When friends betray us
When darkness seems to win
We know that pain reminds this heart
That this is not, this is not our home
It's not our home

'Cause what if Your blessings come through raindrops
What if Your healing comes through tears
And what if a thousand sleepless nights
Are what it takes to know You’re near
What if my greatest disappointments
Or the aching of this life
Is the revealing of a greater thirst this world can’t satisfy
And what if trials of this life
The rain, the storms, the hardest nights
Are Your mercies in disguise




Wednesday, January 11, 2012

Final Semester Schedule

Well here it is, the moment we have all been waiting for...my final semester schedule!

MWF
12:00 - Spanish II
1:00 - American Literature II
2:00 - Fitness Yoga

TR
9:25 - History of the English Language
10:55 - Chapel
11:55 - Creative Writing: Poetry
6:00 - Senior Capstone

The Inevitable

Well it has turned out to be a pretty difficult day.  I have had several battles within my head and deep down I know it is satan talking, but it is still hard you know? When life begins to get stressful and when I start to feel like I am losing control, my mind immediately begins having negative thoughts. Once the negativity starts, it is almost impossible to stop it from taking over.  When I start feeling this way my first instinct is to keep it all inside and shut myself off from the people that can help the most. I can't really explain how I feel so I talk myself out of trying to explain it to others.  This kind of negative thinking in the past has resulted in me pushing people away that I was very close to.  I do not want to repeat the past so my goal for the next week or however long this lasts is to remind myself not to let go of the people that care and then to actually let those people help.

God Bless,
Hannah

Beginning of the Final Semester

So it has been several months since I have even though about my blog.  Life has been crazy and often stressful but I can finally see the light at the end of the tunnel.  It is weird to think that my time at Lipscomb University will soon be coming to an end.  I never thought my college years would go by as quickly as they have.  Looking back over the three and a half years I can see how my life has changed and how I have 'grown up' in many ways.  I have learned that not all of your 'friends' are really your friends but I have also learned to appreciate and cherish the ones who stayed by my side through all the ups and downs.  I have learned the importance of prioritizing and studying and how they really do help after all (who would have thought)! I understand the difference between college life and college. Actually going to class and paying attention actually pays off in the long run. Befriending the teachers and spending time listening to their words of wisdom can be one of the most beneficial things you do your entire college career.  My last two years I have really had to learn how to balance my social life with my academic life.
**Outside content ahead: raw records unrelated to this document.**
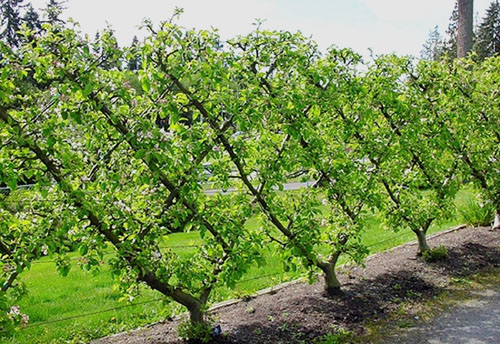 Садові роботи з літньої обрізки яблунь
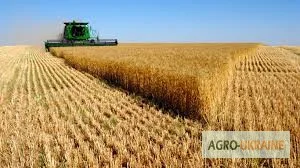 Постійно купуємо пшеницю фураж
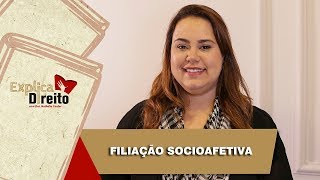 Explica Direito Filiação Socioafetiva  2019 [upl. by Eniladam]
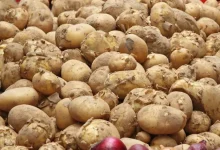 pomme de terre tomate et oignon 14239645 Detafour
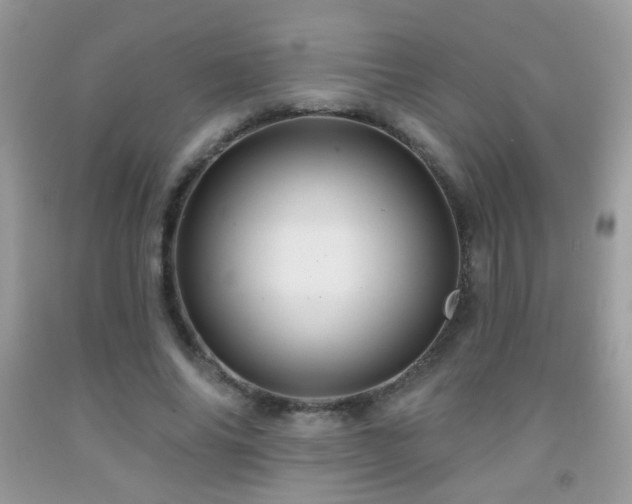 X0000092010686200709061532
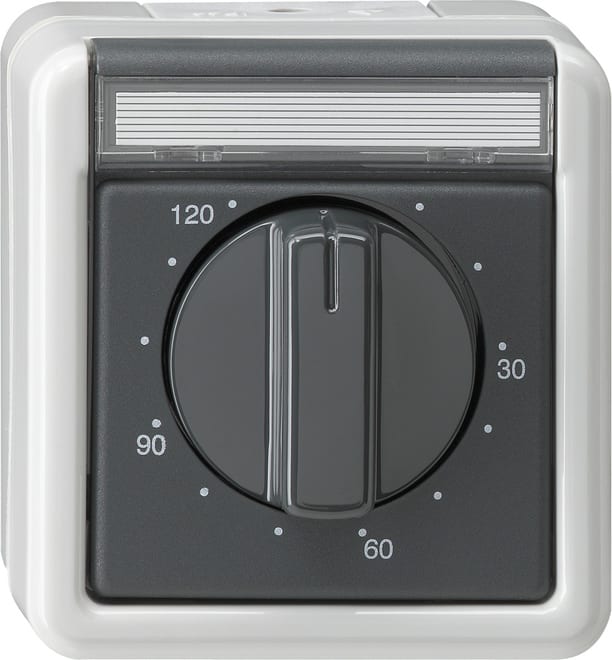 GIRA GIR032130 Zeitsch. 2-p 120 min BSF WG AP Grau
For me it seemed easier to just bury myself in my schoolwork, but I soon realized that if my friends were important to me, I had to make time for them.  College is about learning how to make time for the things you want to do and the things you need to do and being able to recognize the difference.
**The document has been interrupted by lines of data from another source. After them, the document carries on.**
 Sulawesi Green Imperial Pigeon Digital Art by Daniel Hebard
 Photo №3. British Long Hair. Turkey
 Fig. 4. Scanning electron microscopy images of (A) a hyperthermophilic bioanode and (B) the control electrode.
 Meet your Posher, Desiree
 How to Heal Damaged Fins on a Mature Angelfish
I'm not quite sure what I will do in this next stage of my life.  College is definitely not the real world and, to be honest, I am a bit timid of the real world. I know that ten years from now this point in my life will not seem at all significant and I may even laugh at myself.  I really do feel like things are about to change drastically and to quote one of my favorite tv shows "If there is a feeling of being half totally excited and half completely ready to panic, then that's how I feel". So now all I have to say is...Bring on the final semester!!!